If anyone would like to pick this up, we would need to modify the controllers (imagecollector_controller and imagelist_controller) in order to check for restart status on reconciles, and trigger podTemplate and pod cleanups on delete.
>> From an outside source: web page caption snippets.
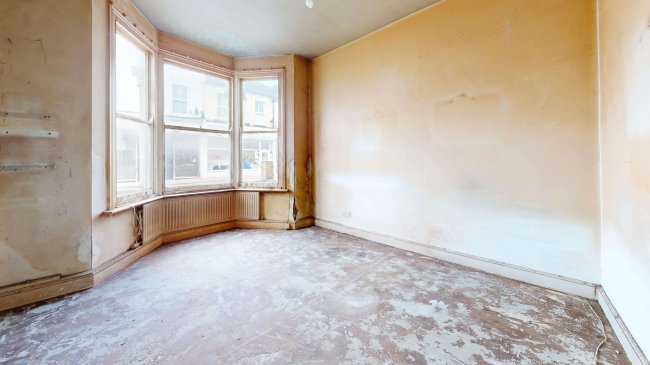 Flat A, 97 Dawes Road, London, SW6 7DU 6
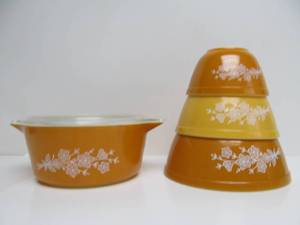 lot 129 image: Group of Vintage PYREX NestingMixing Bowls & Casserole Dish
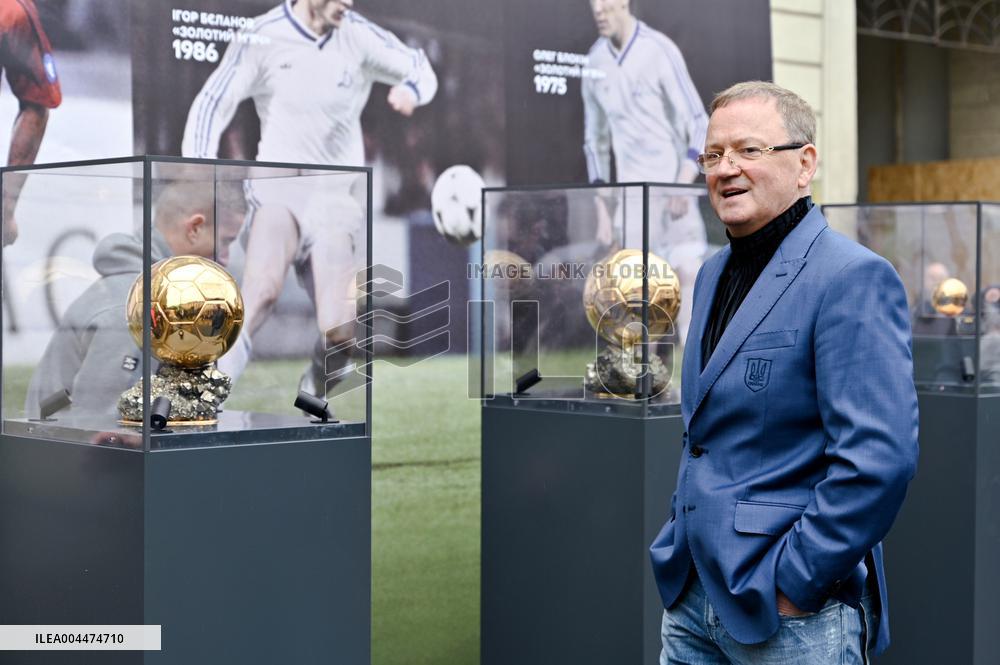 Three Ballons dOr won by Ukrainian footballers delivered to Lviv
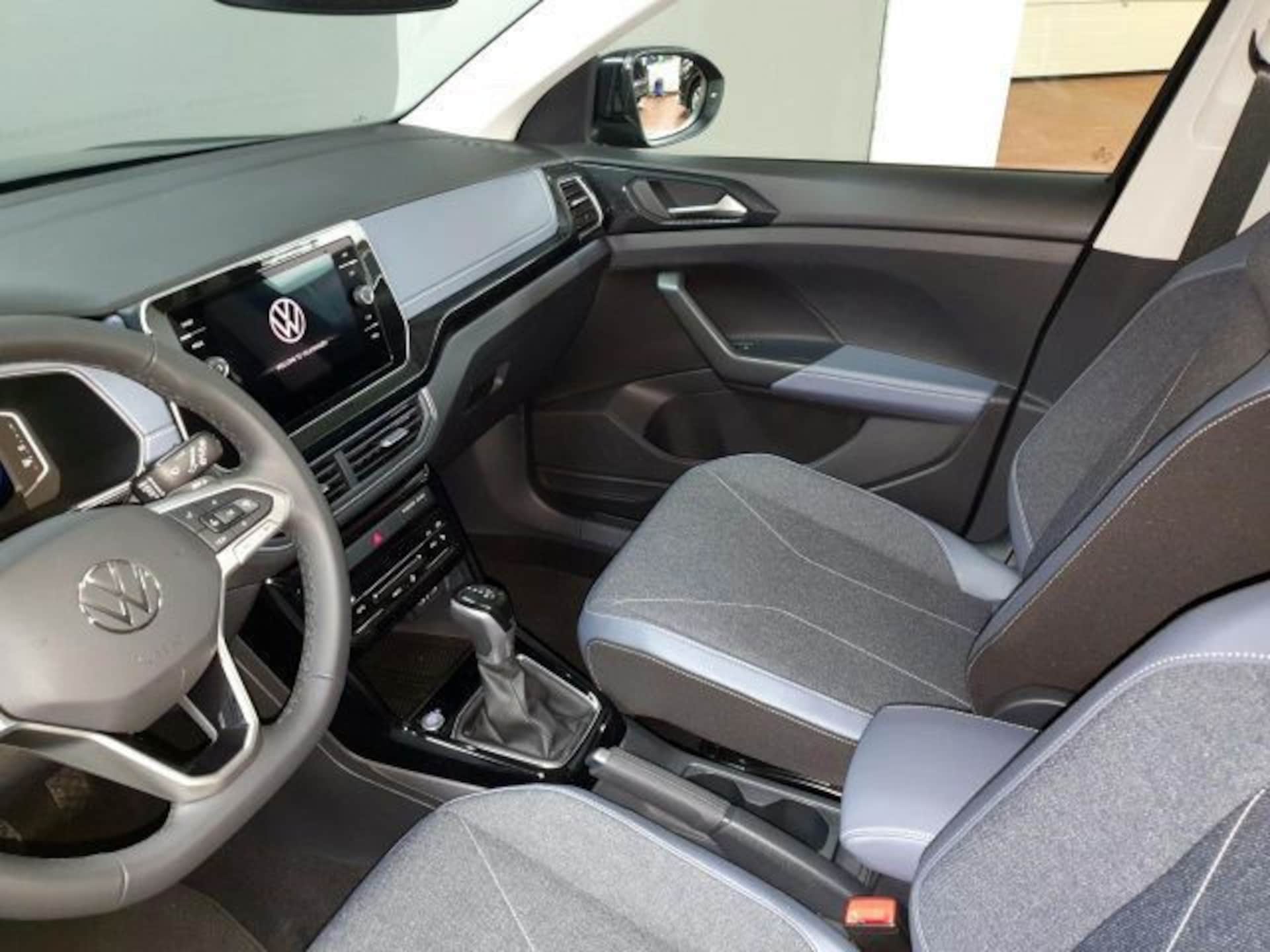 Volkswagen T-Cross Style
I can't reproduce this issue using eraser v1.4.0:
~ ❯ k delete po -n eraser-system --all
pod "eraser-controller-manager-c798f59f6-sk92t" deleted
~ ❯ k get podtemplates -A
NAMESPACE NAME CONTAINERS IMAGES POD LABELS
eraser-system imagejob-sxpjt collector,remover,trivy-scanner ghcr.io/eraser-dev/collector:v1.4.0,ghcr.io/eraser-dev/remover:v1.4.0,ghcr.io/eraser-dev/eraser-trivy-scanner:v1.4.0 <none>
~ ❯ k get pods -n eraser-system
NAME READY STATUS RESTARTS AGE
eraser-controller-manager-c798f59f6-zd2g8 0/1 Running 0 10s
eraser-kind-control-plane-cn2mn 0/3 Completed 0 7s
~ ❯ k get pods -n eraser-system
NAME READY STATUS RESTARTS AGE
eraser-controller-manager-c798f59f6-zd2g8 1/1 Running 0 15s
~ ❯ k get podtemplates -A
No resources found